## [Problem to solve]
Every word in the data below belongs in your copy, exactly as given; the pictures do not.
========================
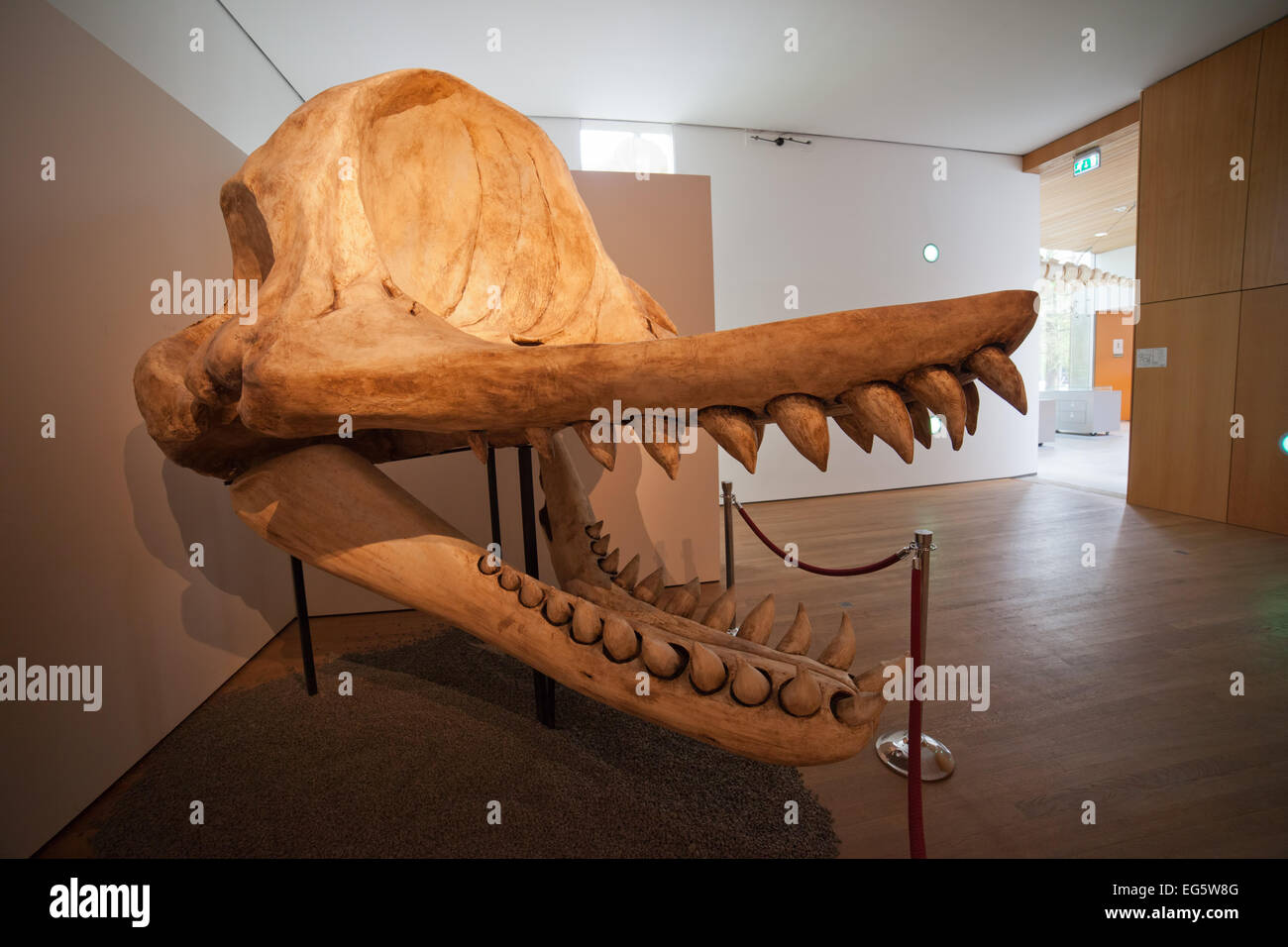 Livyatan Melvillei gigantische Physeteroid Schädel Rekonstruktion im Natural History Museum Rotterdam in Holland, Niederlande. Stockfoto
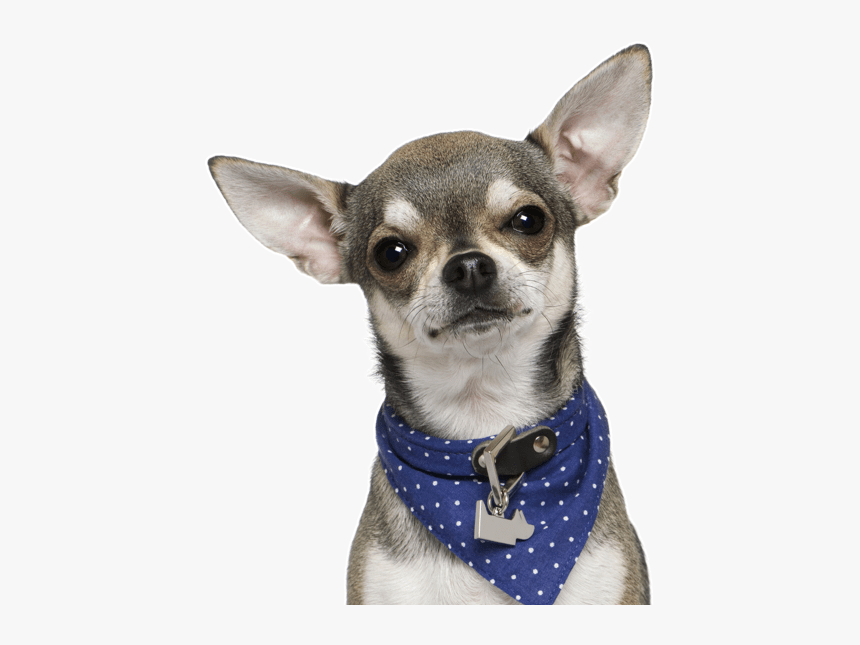 Chihuahua Png, Transparent Png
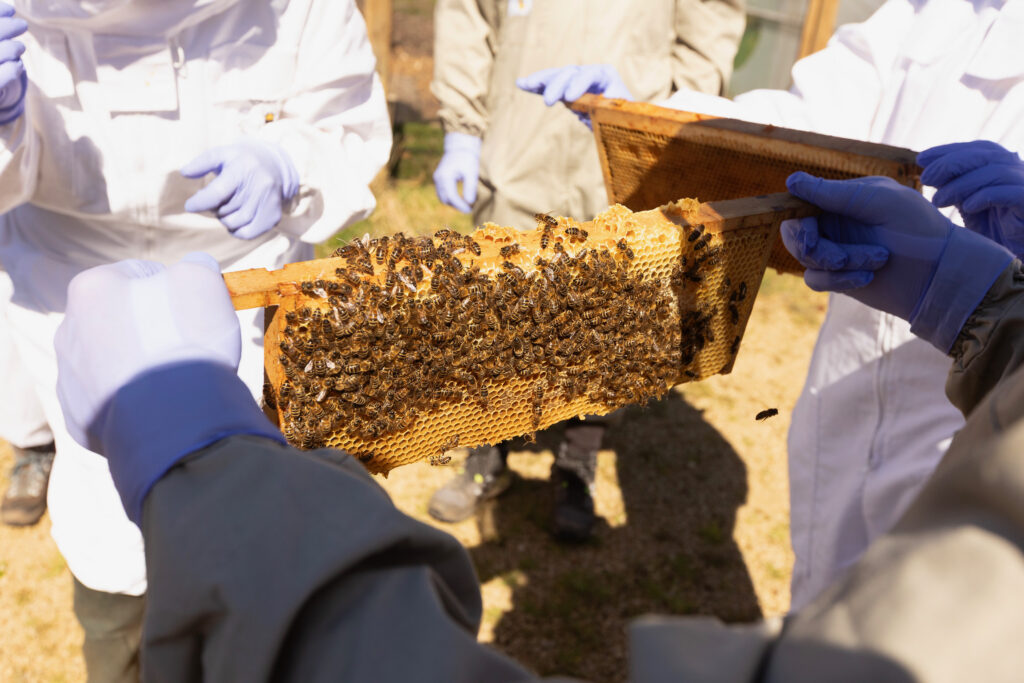 students gather around a honey frame filled with bees.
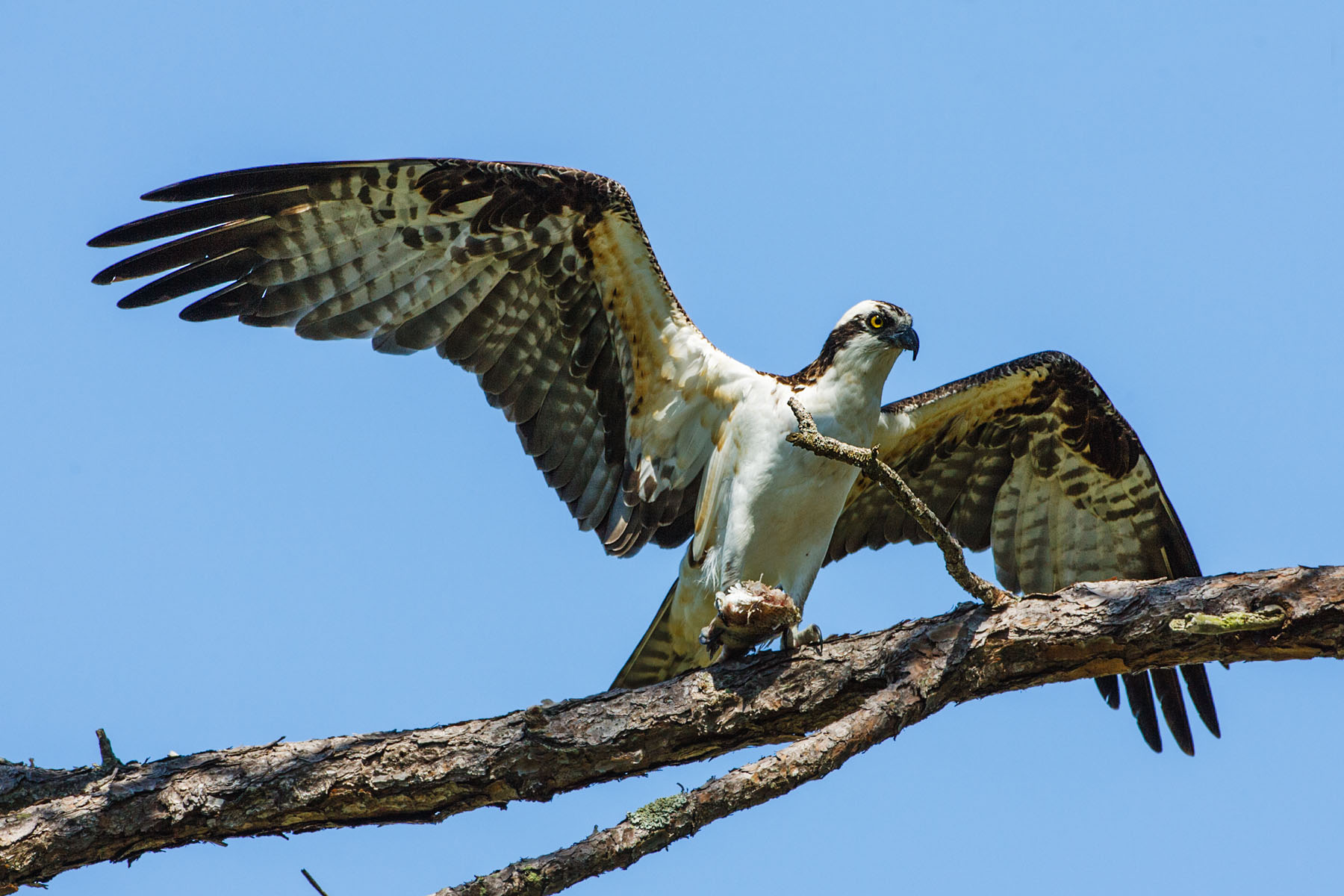 Osprey, Honeymoon Island State Park, Florida.  Click for next photo.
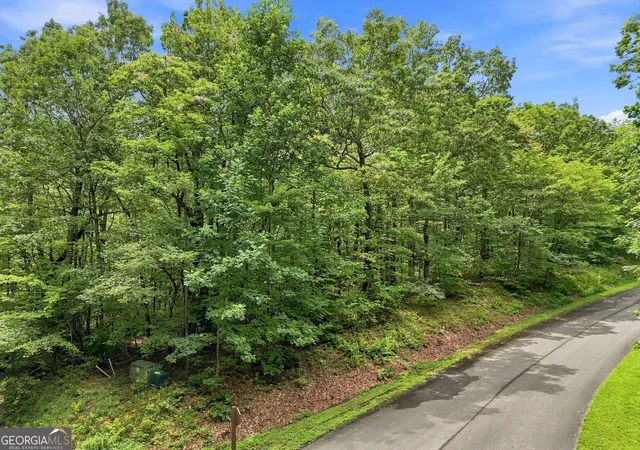 Photo 1 of Land for sale at Lot197 St Andrews Wy, Ellijay, GA 30536 | MLS# 10825528 | Listing updated on 2026-09-23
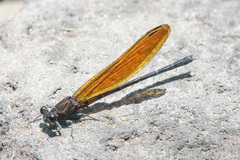 Euphaea lara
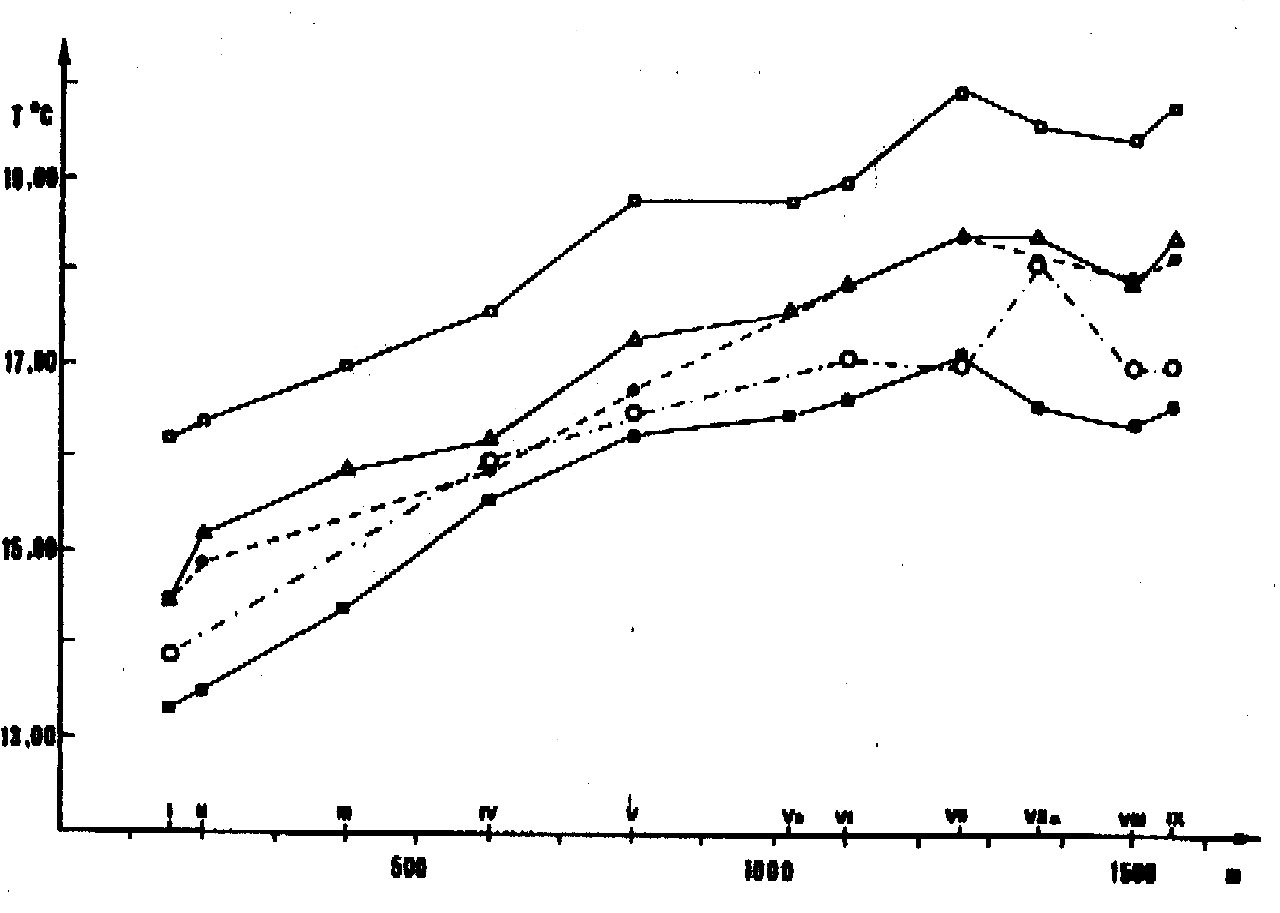 Fig. 3 - Distribuzione delle temperature lungo l'asse delle grotte tra il 29-XI-1981 e il 10-III-1983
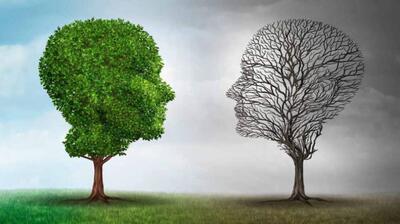  میگنا - تفاوت بین «اختلالات روانی» و «بیماری‌های روانی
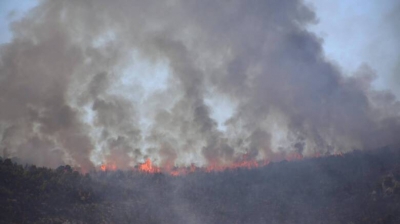 Φωτιά στα Βίλια, ημέρα 5η - Ανυπολόγιστες οι καταστροφές - Προς το όρος Καντήλι Μεγάρων,το μέτωπο - Πυρκαγιά και σε Λαυρεωτική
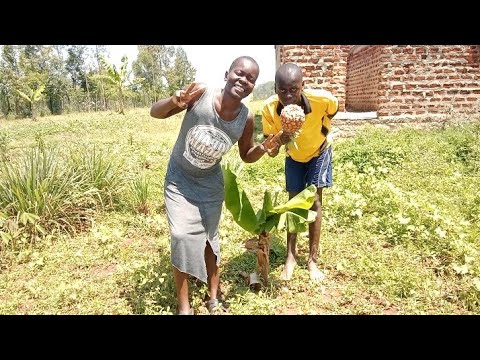 Видео: 🏠 Развитие домов мечты в Африке_Неспешная жизнь в сельской местности 🇰🇪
========================
## [Answer to the problem]
 Livyatan Melvillei gigantische Physeteroid Schädel Rekonstruktion im Natural History Museum Rotterdam in Holland, Niederlande. Stockfoto
 Chihuahua Png, Transparent Png
 students gather around a honey frame filled with bees.
 Osprey, Honeymoon Island State Park, Florida.  Click for next photo.
 Photo 1 of Land for sale at Lot197 St Andrews Wy, Ellijay, GA 30536 | MLS# 10825528 | Listing updated on 2026-09-23
 Euphaea lara
 Fig. 3 - Distribuzione delle temperature lungo l'asse delle grotte tra il 29-XI-1981 e il 10-III-1983
  میگنا - تفاوت بین «اختلالات روانی» و «بیماری‌های روانی
 Φωτιά στα Βίλια, ημέρα 5η - Ανυπολόγιστες οι καταστροφές - Προς το όρος Καντήλι Μεγάρων,το μέτωπο - Πυρκαγιά και σε Λαυρεωτική
 Видео: 🏠 Развитие домов мечты в Африке_Неспешная жизнь в сельской местности 🇰🇪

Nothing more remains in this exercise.